> _Action item_
Please, from the entries below, transcribe exactly the lines that begin at the line with "Hello friend, in" and end at the line with "Hey everyone, welcome", without the pictures.

> _Input records_
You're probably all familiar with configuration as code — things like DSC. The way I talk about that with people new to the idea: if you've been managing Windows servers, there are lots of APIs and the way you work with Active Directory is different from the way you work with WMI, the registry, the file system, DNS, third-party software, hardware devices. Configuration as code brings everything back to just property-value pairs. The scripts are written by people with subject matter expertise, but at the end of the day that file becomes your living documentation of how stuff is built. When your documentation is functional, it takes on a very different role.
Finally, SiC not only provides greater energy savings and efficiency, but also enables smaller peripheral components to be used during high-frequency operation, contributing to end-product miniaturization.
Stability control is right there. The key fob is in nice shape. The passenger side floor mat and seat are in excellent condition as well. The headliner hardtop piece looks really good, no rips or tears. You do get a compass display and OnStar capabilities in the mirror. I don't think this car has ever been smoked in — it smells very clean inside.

--

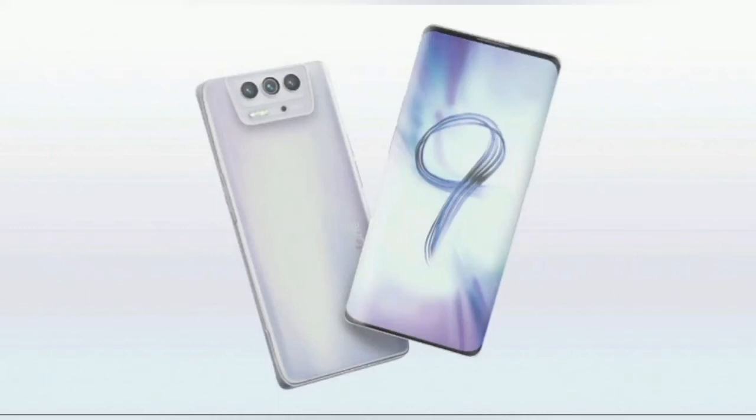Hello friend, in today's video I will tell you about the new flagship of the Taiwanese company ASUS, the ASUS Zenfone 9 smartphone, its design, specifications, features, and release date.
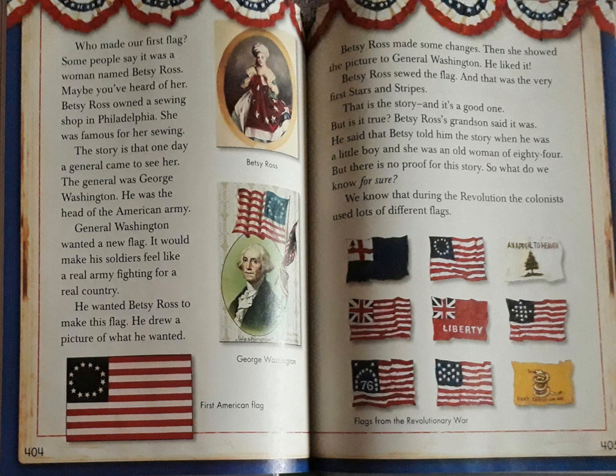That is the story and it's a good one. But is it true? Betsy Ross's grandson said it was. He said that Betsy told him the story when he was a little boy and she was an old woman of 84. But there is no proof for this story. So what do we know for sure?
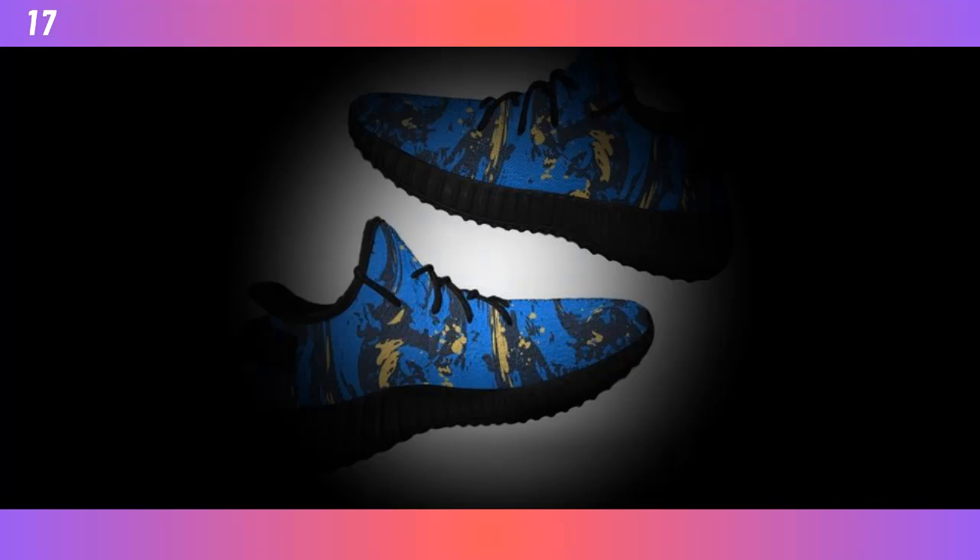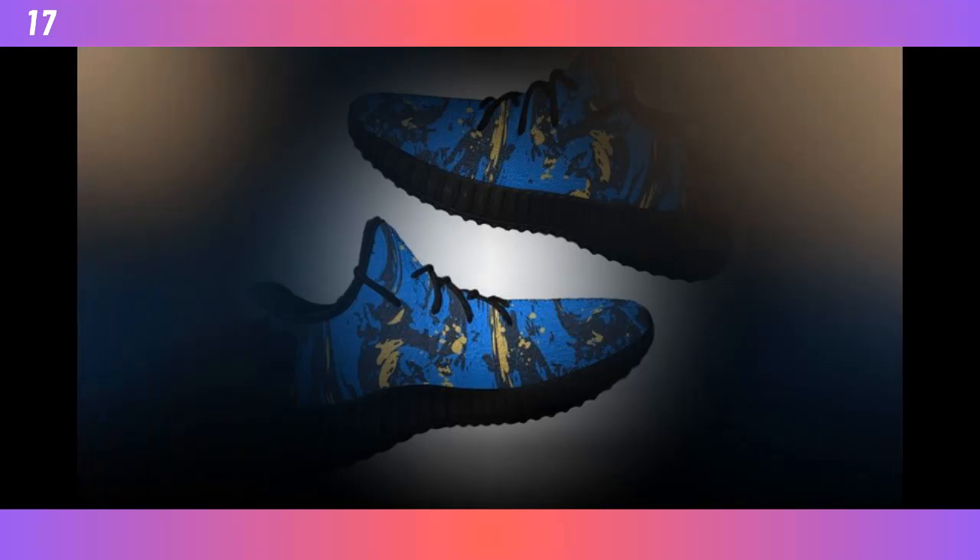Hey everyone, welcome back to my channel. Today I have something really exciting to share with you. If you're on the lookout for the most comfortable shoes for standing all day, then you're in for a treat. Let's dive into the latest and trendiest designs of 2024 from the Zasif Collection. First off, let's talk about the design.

--

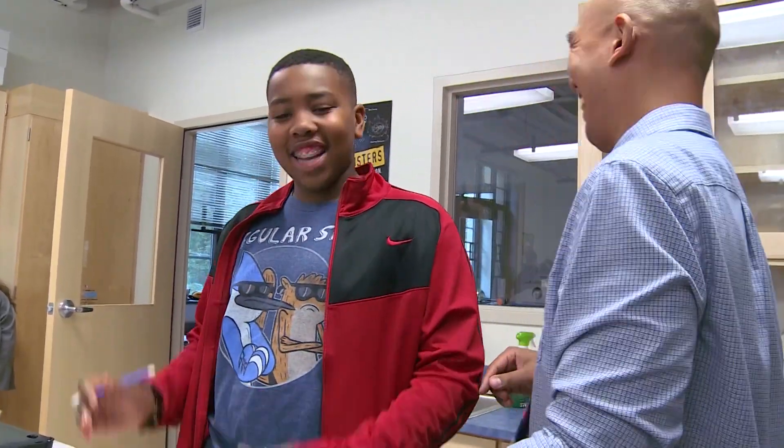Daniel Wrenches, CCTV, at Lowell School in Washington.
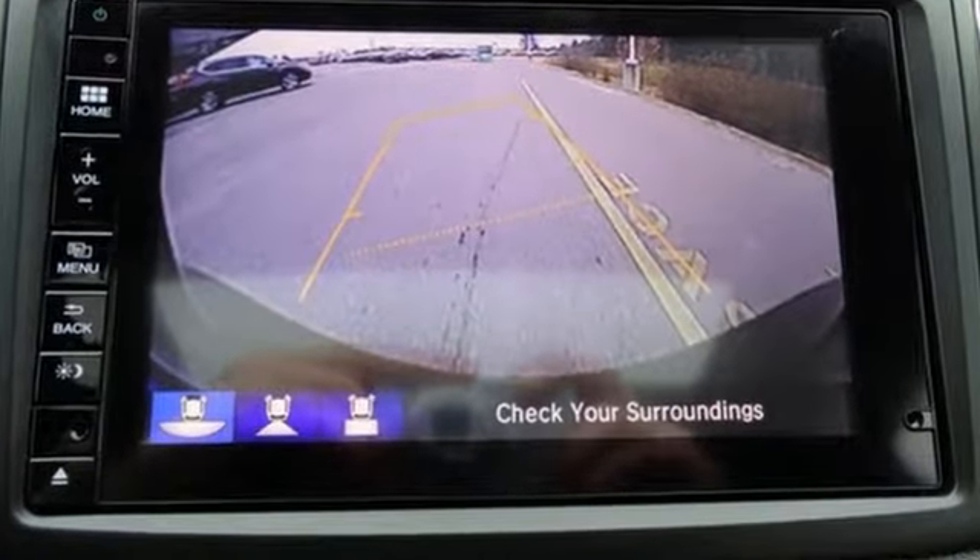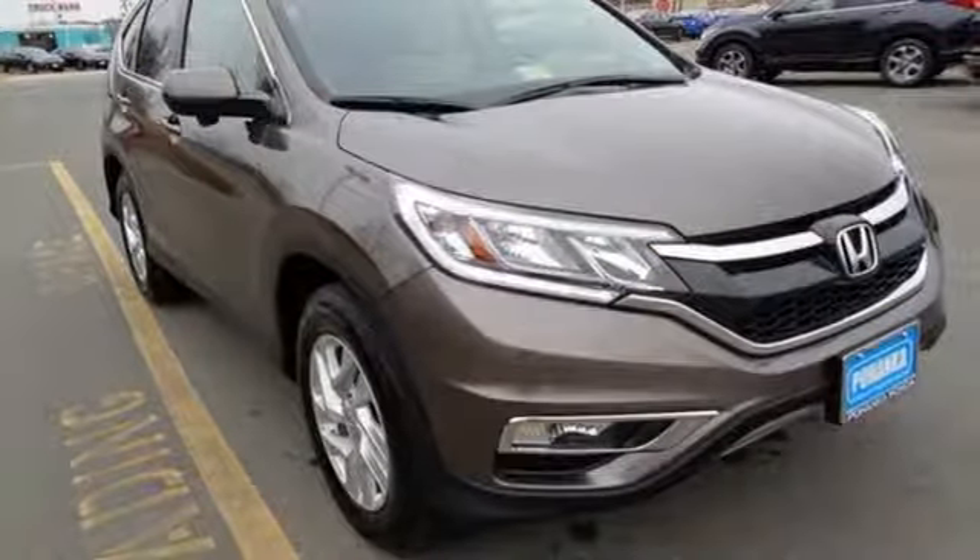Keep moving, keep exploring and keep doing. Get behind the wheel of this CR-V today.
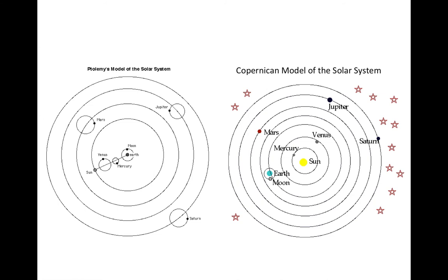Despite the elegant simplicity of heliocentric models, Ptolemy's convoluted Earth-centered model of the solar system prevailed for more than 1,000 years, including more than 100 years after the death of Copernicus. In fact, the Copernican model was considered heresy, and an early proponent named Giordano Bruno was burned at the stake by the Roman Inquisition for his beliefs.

> _Solved exercise_
Hello friend, in today's video I will tell you about the new flagship of the Taiwanese company ASUS, the ASUS Zenfone 9 smartphone, its design, specifications, features, and release date.
That is the story and it's a good one. But is it true? Betsy Ross's grandson said it was. He said that Betsy told him the story when he was a little boy and she was an old woman of 84. But there is no proof for this story. So what do we know for sure?
Hey everyone, welcome back to my channel. Today I have something really exciting to share with you. If you're on the lookout for the most comfortable shoes for standing all day, then you're in for a treat. Let's dive into the latest and trendiest designs of 2024 from the Zasif Collection. First off, let's talk about the design.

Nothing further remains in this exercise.